Why invest in water?

  1. At the end of the day what is the benefit of monitoring the drinking water and general water quality?

    • This is an issue that many in general industry struggle with because they do not have a new grader or something they can put their hands on for all the money they spent.

    It is similar to a myriad of other scenarios where if you cannot physically see the material benefits (“material world”) you only come to realise the importance once the outcomes manifest in a detrimental but material way. There are many examples of this pertaining to water quality including costly events for several Australian mining companies.

    1. A certain uranium mine had an event where process water contaminated drinking water supplies in 2004.

      • What were the costs to the mine when closed during the investigation of this incident? $10million or perhaps $200 million
      • What are the costs to those unfortunate persons who drank the contaminated water? Their health and quality of life or perhaps worse?
      • What alerted the mine to the incident? Water monitoring on site by trained persons on pre-determined monitoring schedules discovered a significant jump in drinking water conductivity. If it wasn’t for monitoring programs the incident could have been far worse.
  2. What are the obligations outlined under the various Health and Safety Acts (Queensland Health and Safety Act 2011, Queensland Coal Safety and Health Act 1999) and how does industry demonstrate it is meeting these obligations when challenged by authorities?

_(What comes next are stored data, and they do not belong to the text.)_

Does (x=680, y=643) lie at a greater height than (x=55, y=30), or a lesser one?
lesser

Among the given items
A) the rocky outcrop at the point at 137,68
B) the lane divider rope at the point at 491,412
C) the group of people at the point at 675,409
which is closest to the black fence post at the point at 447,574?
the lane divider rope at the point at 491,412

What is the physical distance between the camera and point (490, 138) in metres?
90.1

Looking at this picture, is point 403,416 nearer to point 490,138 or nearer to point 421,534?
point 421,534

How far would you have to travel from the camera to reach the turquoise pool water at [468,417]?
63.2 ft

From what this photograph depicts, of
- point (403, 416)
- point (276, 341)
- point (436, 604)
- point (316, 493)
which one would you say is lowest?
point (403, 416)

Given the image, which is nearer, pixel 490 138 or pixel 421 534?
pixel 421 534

    Essentially the sections of the Health and Safety Acts that pertain to the provision of drinking water describe the obligation of both the manufacturer as well as the supplier of a substance (in this case water) that the substance must not cause harm if used correctly.

    • The provision of safe drinking water is one of the most important steps that can be taken to improve the health of a community and thereby productivity by preventing water-borne disease.
    • The maintenance of a sufficient supply of wholesome drinking water is a complex undertaking in which individuals from many disciplines have a role.
    • Therefore, a key management process is to ensure that all the related disciplines are competent and achieve their goals as well as ensure communications between all parties.

    From the above examples, it is also important to recognise the risks to water quality at an industrial site, refinery or mine site are significantly different to the general community water supply by virtue of the activities inherent to these industries.